▶ TASK DESCRIPTION
Return only what runs from the line containing "Avatar Shop|Tilta EN-EL15C" through the last line of the entries below, exactly, omitting pictures.

▶ DATA TO PROCESS

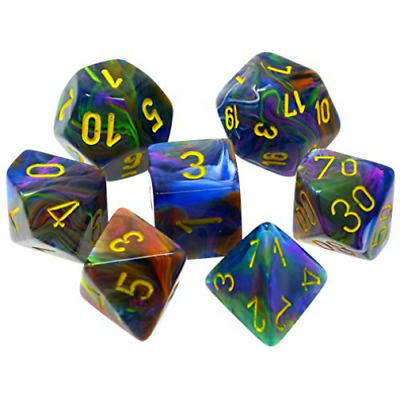 Image of Chessex Festive Rio/Yellow Polyhedral Dice Set (D20/12/10/%/8/6/4) 27449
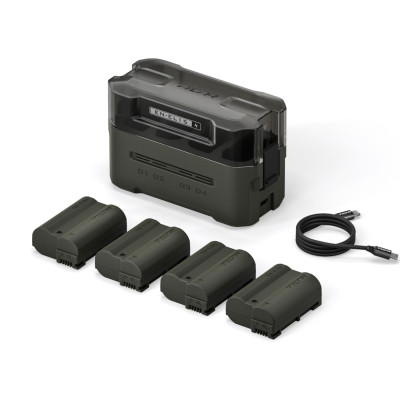 Avatar Shop|Tilta EN-EL15C Statie de Incarcare cu 4 Baterii, Verde, USB-C 45W, 4 Sloturi, Incarcare in 3 Ore, Compatibil Nikon|Tilta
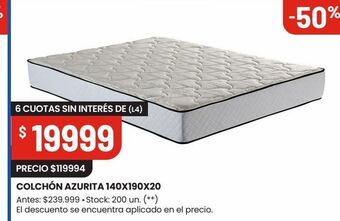 Changomas Colchón azurita 140x190x20 oferta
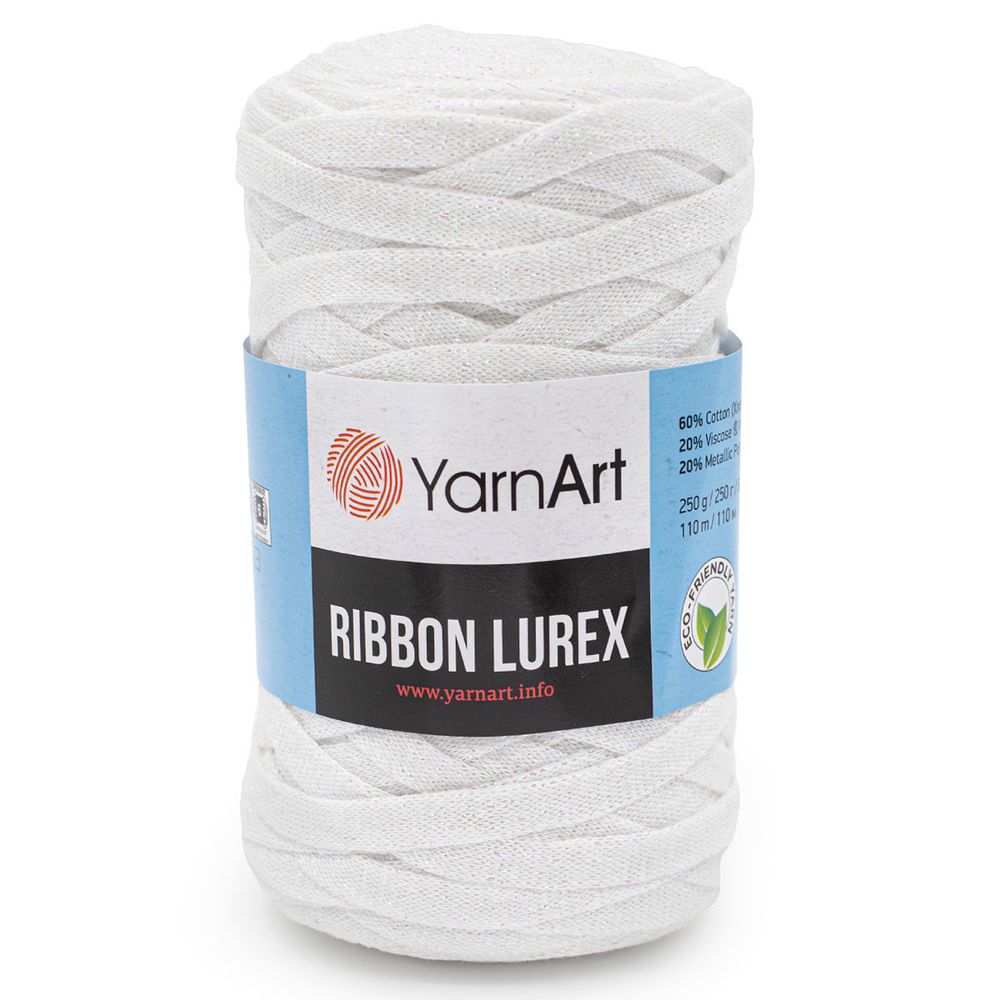 Пряжа YarnArt (ЯрнАрт) Ribbon Lurex / уп.4 мот. по 250 г, 110м, 721 белый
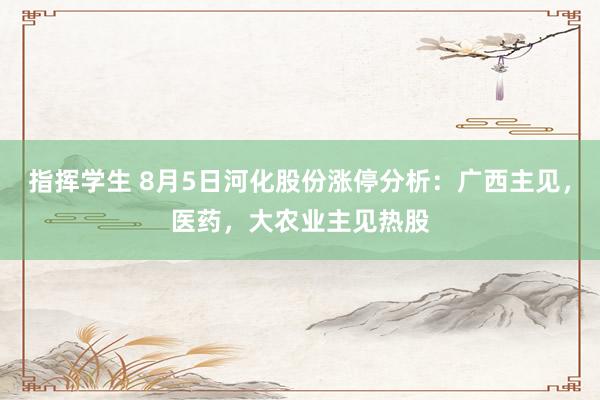 指挥学生 8月5日河化股份涨停分析：广西主见，医药，大农业主见热股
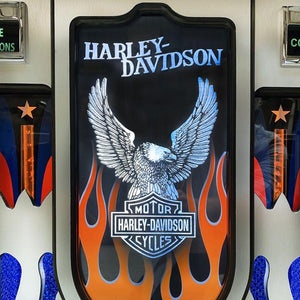 ROCK-OLA BUBBLER HARLEY-DAVIDSON FLAMES CD JUKEBOX BRUSHED ALUMINUM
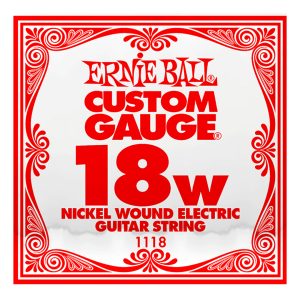 Electric Guitar Single String - Ernie Ball Custom Gauge 18W - 1118 - Nickel Wound - Ball End - .018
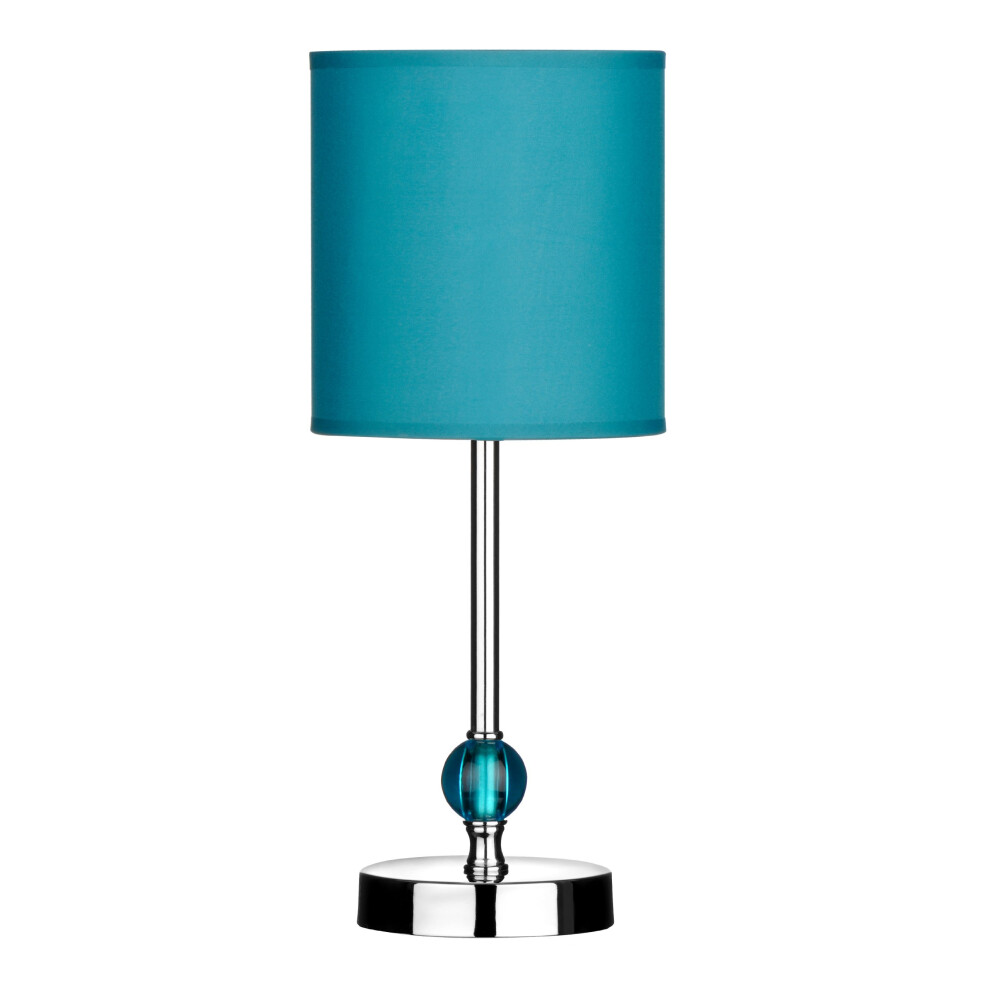 Premier Housewares Chrome Stem Table Lamp With Acrylic Ball And Fabric Shade - Teal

▶ ANSWER TO THIS EXERCISE
 Avatar Shop|Tilta EN-EL15C Statie de Incarcare cu 4 Baterii, Verde, USB-C 45W, 4 Sloturi, Incarcare in 3 Ore, Compatibil Nikon|Tilta
 Changomas Colchón azurita 140x190x20 oferta
 Пряжа YarnArt (ЯрнАрт) Ribbon Lurex / уп.4 мот. по 250 г, 110м, 721 белый
 指挥学生 8月5日河化股份涨停分析：广西主见，医药，大农业主见热股
 ROCK-OLA BUBBLER HARLEY-DAVIDSON FLAMES CD JUKEBOX BRUSHED ALUMINUM
 Electric Guitar Single String - Ernie Ball Custom Gauge 18W - 1118 - Nickel Wound - Ball End - .018
 Premier Housewares Chrome Stem Table Lamp With Acrylic Ball And Fabric Shade - Teal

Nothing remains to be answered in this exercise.